(Short web captions)
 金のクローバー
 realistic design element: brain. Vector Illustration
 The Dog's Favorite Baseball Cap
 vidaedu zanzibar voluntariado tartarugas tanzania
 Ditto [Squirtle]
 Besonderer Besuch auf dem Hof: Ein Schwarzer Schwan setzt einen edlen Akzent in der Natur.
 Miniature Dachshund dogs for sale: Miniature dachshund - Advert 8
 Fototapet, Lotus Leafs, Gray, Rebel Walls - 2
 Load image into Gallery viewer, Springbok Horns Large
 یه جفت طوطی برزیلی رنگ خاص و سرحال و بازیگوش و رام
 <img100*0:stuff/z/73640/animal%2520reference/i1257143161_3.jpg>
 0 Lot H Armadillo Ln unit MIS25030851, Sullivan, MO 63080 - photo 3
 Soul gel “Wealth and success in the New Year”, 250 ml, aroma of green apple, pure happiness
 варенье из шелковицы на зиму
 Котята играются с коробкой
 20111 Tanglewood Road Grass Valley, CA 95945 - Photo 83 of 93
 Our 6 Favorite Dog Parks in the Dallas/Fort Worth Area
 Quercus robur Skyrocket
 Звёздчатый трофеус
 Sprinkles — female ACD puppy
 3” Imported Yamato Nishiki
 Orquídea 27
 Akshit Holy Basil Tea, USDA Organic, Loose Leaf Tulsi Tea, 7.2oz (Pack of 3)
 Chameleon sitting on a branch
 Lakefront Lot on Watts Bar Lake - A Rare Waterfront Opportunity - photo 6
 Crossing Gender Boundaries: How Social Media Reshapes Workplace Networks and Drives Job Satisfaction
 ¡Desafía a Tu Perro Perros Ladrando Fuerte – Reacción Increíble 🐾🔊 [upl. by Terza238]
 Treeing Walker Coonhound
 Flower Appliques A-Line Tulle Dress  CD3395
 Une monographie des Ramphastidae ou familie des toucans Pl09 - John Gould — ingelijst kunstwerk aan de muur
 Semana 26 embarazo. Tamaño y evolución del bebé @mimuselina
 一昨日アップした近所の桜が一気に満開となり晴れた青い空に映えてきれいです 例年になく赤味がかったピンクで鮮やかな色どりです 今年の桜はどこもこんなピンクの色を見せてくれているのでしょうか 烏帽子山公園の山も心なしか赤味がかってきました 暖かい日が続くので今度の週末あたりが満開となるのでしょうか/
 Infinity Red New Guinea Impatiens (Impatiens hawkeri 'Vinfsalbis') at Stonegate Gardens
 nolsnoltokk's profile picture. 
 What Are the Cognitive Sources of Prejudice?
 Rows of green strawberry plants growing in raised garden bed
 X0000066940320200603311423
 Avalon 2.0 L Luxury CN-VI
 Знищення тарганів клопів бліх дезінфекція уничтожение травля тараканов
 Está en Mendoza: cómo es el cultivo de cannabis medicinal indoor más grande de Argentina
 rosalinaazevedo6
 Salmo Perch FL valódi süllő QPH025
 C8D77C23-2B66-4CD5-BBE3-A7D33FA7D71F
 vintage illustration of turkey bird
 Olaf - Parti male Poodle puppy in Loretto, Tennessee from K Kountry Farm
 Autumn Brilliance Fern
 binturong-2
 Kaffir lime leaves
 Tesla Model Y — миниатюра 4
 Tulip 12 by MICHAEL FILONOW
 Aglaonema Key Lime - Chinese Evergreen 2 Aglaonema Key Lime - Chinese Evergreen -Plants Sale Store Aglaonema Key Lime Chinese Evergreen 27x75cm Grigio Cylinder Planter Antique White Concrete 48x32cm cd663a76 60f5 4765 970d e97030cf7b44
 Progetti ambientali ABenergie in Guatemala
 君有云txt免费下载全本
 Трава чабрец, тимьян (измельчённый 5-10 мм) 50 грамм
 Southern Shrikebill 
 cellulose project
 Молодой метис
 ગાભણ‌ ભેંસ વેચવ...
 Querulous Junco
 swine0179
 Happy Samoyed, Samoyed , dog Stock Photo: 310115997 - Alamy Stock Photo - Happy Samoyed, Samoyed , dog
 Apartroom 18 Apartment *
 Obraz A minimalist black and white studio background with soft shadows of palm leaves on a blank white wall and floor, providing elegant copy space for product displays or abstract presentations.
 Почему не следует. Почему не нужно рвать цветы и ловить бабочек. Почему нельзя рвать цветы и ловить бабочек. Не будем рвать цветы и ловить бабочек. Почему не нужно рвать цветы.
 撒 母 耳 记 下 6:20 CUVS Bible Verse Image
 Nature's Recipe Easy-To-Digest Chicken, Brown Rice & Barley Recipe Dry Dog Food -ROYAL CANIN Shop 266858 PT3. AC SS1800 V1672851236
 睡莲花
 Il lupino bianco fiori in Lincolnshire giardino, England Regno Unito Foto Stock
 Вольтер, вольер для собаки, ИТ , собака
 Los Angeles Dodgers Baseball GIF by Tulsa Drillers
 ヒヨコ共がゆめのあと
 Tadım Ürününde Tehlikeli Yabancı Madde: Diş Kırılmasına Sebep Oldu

**What is expected**
Where the data above reaches the line holding "0 Lot H Armadillo", begin printing, and stop after the line holding "Treeing Walker Coonhound". Each line must be reproduced exactly, with nothing else added.

**Answer area**
 0 Lot H Armadillo Ln unit MIS25030851, Sullivan, MO 63080 - photo 3
 Soul gel “Wealth and success in the New Year”, 250 ml, aroma of green apple, pure happiness
 варенье из шелковицы на зиму
 Котята играются с коробкой
 20111 Tanglewood Road Grass Valley, CA 95945 - Photo 83 of 93
 Our 6 Favorite Dog Parks in the Dallas/Fort Worth Area
 Quercus robur Skyrocket
 Звёздчатый трофеус
 Sprinkles — female ACD puppy
 3” Imported Yamato Nishiki
 Orquídea 27
 Akshit Holy Basil Tea, USDA Organic, Loose Leaf Tulsi Tea, 7.2oz (Pack of 3)
 Chameleon sitting on a branch
 Lakefront Lot on Watts Bar Lake - A Rare Waterfront Opportunity - photo 6
 Crossing Gender Boundaries: How Social Media Reshapes Workplace Networks and Drives Job Satisfaction
 ¡Desafía a Tu Perro Perros Ladrando Fuerte – Reacción Increíble 🐾🔊 [upl. by Terza238]
 Treeing Walker Coonhound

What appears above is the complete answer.